The Bacigalupi family, who have been farming the vineyard from the beginning, haven't replanted because the grapes made up about 40 percent of the 1973 Chateau Montelena Chardonnay that beat top white wines from Burgundy in the 1976 blind tasting, in which a group of all French judges were shocked to learn that California could actually make would-class wine.
It's hard to imagine now, but before that event, the prevailing opinion worldwide was that only France could make fine wine. Chateau Montelena Chardonnay and Stag's Leap Wine Cellars Cabernet Sauvignon won the competition, stunning the French judges and making everyone realize that New World wines are in the same league, and can even be superior.
"At the time, the vines weren't old vines," says Bacigalupi Vineyards winemaker Ashley Herzberg. "And now they are. They have succeeded in history."
In the bottle, yes. But the vineyard, despite producing very expensive single-vineyard wines for several years for Rudd Estate, hasn't really been noticed by the wine world.

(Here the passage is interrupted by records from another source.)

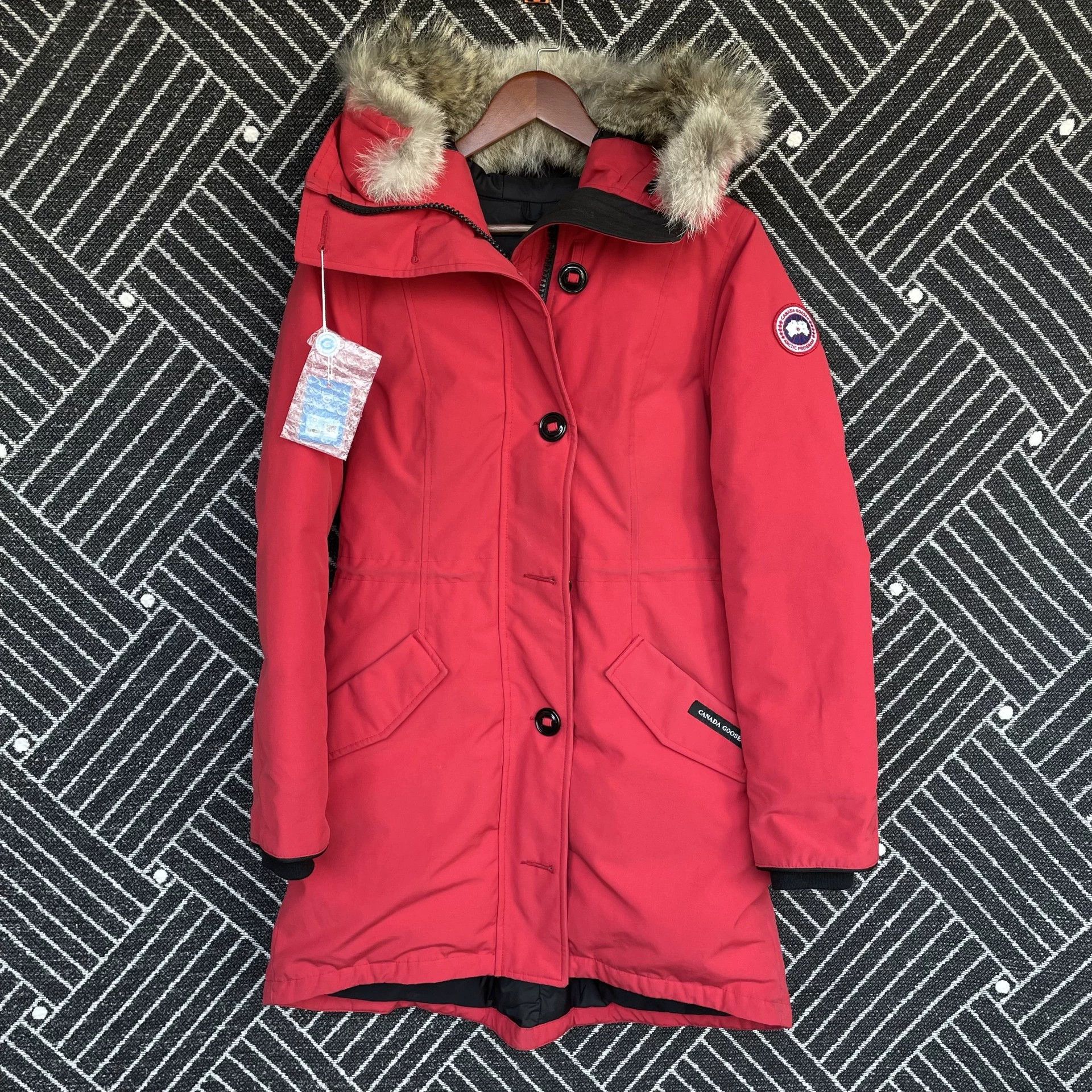 Canada Goose Canada Goose Rossclair Women's Red S 98 New Mid-Length Parka Size S / US 4 / IT 40 - 1 Thumbnail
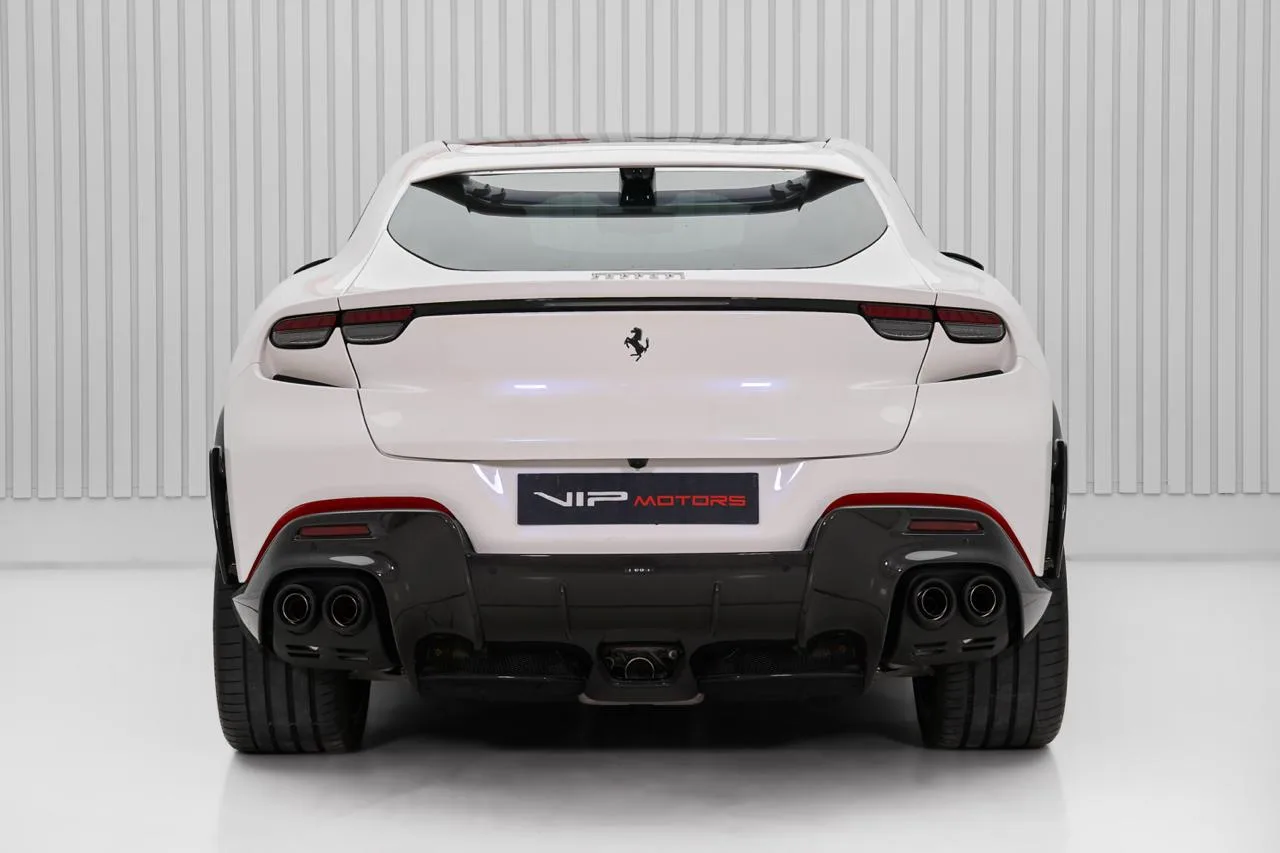 2025 Ferrari Purosangue Atelier proposée par un concessionnaire spécialisé à Dubai, Émirats arabes unis, photo 5 sur 10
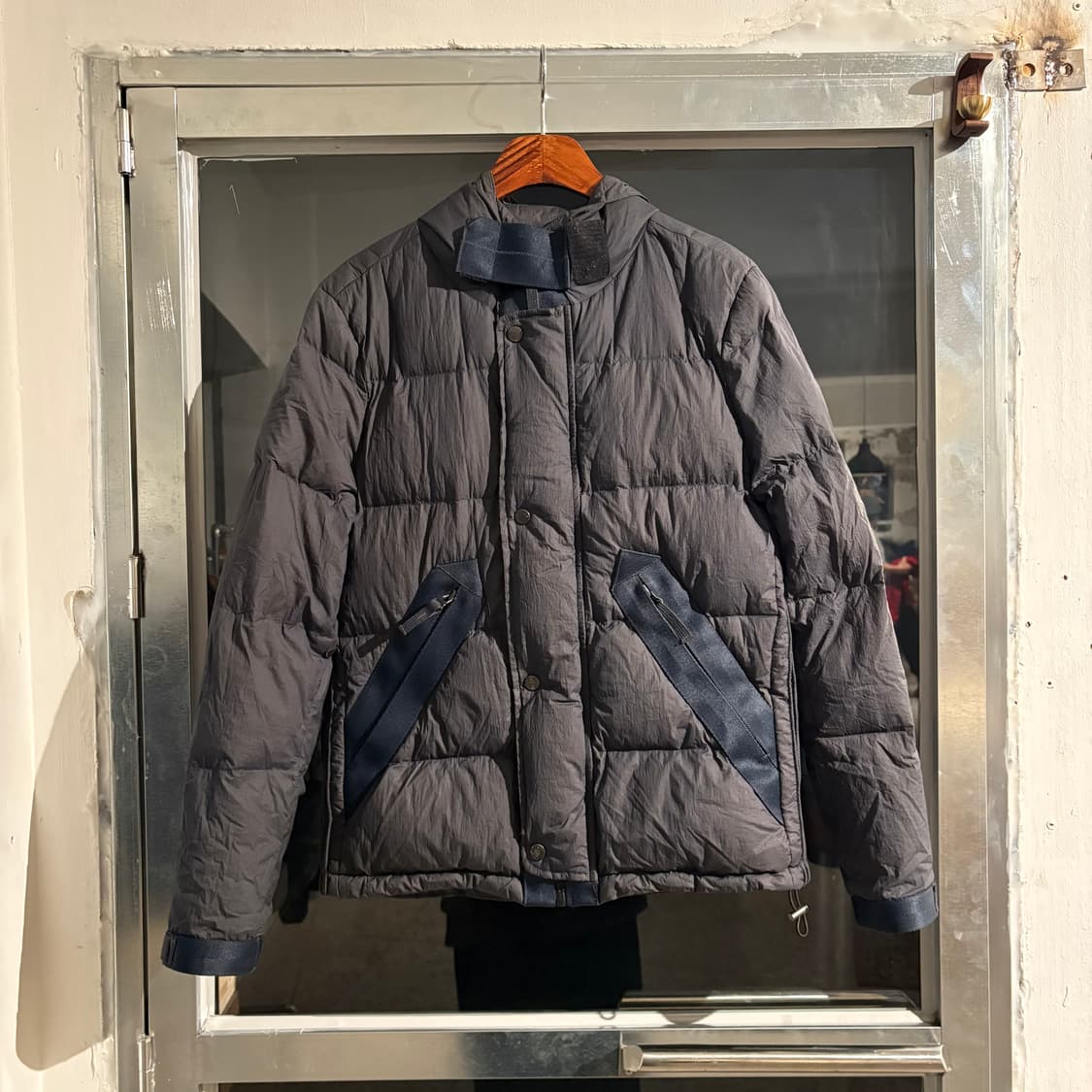 씨피컴퍼니 밀레밀리아 덕 다운 패디드 고글 자켓 상품이미지3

The Wine Advocate reviewed 13 vintages of Rudd Estate Bacigalupi Vineyard Chardonnay (12 by Robert Parker, one by Antonio Galloni) and never mentioned its connection to wine history. Parker gave scores up to 96 points but wrote that its quality "reflects the meticulous perfectionism of proprietor Leslie Rudd", rather than the scraggly old vines that produce differently-sized grapes that ripen at slightly different times, giving the wines additional complexity.
Don't blame Parker; he's not the only one, as you will see. The vineyard's history could have been well known, but its obscurity shows something about California in the 1980s, when the Judgment of Paris was being cited all the time because of the legitimacy it conferred. It was an era when winemakers were revered and terroir was not.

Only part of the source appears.